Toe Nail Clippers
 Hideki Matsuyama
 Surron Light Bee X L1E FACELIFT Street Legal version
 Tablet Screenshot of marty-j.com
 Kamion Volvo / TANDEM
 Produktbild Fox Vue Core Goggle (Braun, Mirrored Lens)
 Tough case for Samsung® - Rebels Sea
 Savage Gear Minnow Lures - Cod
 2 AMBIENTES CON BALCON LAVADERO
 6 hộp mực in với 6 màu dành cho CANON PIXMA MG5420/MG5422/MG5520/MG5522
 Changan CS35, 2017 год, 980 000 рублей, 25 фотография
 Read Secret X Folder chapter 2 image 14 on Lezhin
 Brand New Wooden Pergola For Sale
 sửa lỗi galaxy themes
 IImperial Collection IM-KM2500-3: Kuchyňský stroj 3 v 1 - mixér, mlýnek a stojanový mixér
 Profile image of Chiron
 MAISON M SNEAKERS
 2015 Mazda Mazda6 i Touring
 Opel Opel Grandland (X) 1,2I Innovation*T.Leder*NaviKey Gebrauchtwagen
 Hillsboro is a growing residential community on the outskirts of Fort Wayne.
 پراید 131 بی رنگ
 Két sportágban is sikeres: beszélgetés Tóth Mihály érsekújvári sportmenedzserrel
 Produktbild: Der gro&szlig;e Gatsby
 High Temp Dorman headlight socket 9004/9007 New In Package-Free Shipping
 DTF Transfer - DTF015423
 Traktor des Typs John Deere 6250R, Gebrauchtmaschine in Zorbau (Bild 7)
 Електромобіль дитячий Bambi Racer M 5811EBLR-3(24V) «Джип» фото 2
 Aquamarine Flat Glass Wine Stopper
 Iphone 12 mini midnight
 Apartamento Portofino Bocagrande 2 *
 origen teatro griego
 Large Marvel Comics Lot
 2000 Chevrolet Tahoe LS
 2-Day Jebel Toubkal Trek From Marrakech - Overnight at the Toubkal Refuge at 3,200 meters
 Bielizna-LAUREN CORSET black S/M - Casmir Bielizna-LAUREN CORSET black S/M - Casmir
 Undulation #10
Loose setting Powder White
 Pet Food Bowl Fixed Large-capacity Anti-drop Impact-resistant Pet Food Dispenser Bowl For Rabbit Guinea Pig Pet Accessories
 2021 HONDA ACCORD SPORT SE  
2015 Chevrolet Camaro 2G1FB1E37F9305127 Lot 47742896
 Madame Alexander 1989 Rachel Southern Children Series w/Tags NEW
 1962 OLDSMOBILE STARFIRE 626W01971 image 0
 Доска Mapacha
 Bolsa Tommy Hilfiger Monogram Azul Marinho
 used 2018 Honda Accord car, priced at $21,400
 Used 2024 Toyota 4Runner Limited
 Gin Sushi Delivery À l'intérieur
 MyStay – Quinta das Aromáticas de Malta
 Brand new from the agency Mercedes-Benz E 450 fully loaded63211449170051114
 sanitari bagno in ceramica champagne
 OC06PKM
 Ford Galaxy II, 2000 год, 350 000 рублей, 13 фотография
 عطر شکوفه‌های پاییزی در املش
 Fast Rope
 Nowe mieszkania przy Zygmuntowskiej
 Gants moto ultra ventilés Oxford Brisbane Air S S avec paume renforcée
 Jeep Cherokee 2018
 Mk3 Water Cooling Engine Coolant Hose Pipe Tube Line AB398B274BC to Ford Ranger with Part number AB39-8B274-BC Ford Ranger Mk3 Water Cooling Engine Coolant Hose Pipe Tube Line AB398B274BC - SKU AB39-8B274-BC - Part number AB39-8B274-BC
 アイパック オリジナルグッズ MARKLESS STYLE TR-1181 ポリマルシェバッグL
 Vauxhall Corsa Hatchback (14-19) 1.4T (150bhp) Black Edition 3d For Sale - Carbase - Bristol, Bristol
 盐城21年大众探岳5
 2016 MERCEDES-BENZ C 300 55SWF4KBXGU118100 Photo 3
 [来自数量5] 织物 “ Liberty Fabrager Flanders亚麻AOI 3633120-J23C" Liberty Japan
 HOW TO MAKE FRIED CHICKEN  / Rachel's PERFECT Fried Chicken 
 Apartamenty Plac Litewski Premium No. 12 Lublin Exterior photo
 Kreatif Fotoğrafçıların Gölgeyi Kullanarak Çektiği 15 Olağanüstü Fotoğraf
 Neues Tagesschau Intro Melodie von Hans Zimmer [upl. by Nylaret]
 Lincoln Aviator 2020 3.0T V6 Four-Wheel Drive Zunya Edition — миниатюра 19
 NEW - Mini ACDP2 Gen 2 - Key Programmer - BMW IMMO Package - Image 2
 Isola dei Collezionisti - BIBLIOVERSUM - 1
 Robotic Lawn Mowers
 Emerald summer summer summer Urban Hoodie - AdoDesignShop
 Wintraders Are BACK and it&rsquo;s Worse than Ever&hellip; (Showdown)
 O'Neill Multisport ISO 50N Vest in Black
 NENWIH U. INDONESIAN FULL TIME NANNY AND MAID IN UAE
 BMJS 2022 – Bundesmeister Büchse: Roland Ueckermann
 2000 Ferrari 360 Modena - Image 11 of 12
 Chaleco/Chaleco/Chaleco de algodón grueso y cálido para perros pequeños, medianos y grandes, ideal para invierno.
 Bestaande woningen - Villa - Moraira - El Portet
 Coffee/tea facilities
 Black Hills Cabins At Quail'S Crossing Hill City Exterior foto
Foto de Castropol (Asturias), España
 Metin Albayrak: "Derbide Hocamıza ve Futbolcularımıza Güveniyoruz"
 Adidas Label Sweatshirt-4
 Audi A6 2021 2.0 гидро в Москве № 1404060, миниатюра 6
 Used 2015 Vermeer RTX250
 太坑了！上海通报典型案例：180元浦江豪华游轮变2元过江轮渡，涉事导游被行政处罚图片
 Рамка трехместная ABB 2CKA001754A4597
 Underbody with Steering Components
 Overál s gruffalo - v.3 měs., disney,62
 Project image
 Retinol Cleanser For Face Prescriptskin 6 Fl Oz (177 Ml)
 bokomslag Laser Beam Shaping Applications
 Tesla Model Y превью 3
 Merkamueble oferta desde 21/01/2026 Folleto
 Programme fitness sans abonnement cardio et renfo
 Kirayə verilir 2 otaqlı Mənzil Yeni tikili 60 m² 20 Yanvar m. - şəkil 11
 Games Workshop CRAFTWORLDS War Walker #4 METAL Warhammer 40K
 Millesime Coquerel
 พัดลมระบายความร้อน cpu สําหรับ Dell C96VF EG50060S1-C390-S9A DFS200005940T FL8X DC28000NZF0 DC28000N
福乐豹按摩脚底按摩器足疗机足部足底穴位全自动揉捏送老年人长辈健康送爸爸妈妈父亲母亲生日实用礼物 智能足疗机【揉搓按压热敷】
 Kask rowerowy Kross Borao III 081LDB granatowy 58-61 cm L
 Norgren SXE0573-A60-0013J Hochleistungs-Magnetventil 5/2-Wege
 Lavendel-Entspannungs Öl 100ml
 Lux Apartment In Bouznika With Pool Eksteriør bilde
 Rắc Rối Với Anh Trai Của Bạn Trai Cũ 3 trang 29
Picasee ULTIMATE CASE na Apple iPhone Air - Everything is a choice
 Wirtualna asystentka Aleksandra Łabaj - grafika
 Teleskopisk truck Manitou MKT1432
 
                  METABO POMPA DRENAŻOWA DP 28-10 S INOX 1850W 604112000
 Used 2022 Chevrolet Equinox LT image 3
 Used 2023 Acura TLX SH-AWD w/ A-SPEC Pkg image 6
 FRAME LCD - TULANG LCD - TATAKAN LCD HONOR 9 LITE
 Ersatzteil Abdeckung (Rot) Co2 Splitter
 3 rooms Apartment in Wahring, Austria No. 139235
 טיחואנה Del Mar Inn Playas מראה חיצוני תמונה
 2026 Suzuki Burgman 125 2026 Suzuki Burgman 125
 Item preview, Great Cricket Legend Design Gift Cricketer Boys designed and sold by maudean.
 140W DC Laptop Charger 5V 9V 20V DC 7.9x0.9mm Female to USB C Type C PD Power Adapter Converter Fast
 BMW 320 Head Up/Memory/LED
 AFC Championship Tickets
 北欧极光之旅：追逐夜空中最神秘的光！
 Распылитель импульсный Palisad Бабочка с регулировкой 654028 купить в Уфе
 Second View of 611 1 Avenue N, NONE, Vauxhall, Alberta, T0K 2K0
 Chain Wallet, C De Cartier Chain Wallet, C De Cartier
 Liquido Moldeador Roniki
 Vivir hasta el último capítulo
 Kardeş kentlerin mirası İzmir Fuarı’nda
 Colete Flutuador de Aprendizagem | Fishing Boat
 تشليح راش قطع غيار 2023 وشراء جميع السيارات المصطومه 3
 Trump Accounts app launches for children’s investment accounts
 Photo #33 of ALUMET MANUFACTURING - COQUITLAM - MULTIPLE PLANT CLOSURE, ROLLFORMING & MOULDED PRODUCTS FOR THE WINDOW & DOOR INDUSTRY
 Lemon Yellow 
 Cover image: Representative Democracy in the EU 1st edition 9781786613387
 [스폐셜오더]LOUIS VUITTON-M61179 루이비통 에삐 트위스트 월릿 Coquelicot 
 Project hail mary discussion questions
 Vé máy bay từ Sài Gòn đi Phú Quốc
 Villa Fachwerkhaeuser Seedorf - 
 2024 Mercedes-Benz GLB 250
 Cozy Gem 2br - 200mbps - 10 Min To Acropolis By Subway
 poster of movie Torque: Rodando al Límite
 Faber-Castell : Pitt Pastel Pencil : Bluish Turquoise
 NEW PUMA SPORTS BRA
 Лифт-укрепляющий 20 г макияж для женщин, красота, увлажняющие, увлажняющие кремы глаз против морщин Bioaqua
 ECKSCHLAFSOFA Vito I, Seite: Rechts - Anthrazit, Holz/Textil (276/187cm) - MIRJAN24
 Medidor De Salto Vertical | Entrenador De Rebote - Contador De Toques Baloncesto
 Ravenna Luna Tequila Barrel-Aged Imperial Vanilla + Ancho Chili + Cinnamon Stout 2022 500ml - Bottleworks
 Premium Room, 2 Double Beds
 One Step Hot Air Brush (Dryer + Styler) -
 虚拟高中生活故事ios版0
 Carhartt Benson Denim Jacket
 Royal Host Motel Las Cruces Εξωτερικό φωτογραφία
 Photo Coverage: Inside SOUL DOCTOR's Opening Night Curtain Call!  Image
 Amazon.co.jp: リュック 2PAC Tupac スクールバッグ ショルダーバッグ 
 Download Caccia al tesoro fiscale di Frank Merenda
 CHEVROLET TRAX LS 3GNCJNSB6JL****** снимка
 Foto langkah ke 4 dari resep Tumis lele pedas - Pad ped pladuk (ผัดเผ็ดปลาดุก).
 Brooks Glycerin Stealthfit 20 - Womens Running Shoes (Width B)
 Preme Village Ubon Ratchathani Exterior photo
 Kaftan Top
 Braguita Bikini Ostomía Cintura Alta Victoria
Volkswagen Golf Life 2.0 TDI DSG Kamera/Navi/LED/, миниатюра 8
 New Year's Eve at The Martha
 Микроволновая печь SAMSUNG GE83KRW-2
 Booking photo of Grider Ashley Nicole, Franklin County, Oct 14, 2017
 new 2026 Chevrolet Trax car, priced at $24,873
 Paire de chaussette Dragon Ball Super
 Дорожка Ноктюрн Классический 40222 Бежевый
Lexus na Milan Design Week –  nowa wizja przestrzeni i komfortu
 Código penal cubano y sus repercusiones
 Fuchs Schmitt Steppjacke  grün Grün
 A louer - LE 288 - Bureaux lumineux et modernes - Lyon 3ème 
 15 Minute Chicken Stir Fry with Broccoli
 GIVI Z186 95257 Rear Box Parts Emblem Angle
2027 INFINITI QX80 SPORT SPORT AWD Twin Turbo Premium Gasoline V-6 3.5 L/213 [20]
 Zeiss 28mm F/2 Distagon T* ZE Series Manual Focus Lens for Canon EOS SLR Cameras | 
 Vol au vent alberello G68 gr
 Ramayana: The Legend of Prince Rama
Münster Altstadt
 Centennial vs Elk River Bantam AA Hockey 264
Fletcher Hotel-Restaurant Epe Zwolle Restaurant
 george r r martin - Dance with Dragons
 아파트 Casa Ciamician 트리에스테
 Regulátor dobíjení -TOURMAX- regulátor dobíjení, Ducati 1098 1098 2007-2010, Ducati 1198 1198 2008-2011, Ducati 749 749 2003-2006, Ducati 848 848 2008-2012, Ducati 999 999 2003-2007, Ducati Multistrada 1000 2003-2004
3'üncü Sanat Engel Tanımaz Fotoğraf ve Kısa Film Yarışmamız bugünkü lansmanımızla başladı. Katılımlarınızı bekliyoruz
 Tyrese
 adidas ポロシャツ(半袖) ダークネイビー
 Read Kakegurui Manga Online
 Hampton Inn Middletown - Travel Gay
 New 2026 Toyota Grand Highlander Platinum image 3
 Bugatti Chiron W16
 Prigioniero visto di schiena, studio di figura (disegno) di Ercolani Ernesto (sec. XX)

▶ **ASSIGNED TASK**
Return only the lines between the one holding "Két sportágban is" and the one holding "Електромобіль дитячий Bambi", inclusive, exactly as they appear above.

▶ **WRITTEN ANSWER**
 Két sportágban is sikeres: beszélgetés Tóth Mihály érsekújvári sportmenedzserrel
 Produktbild: Der gro&szlig;e Gatsby
 High Temp Dorman headlight socket 9004/9007 New In Package-Free Shipping
 DTF Transfer - DTF015423
 Traktor des Typs John Deere 6250R, Gebrauchtmaschine in Zorbau (Bild 7)
 Електромобіль дитячий Bambi Racer M 5811EBLR-3(24V) «Джип» фото 2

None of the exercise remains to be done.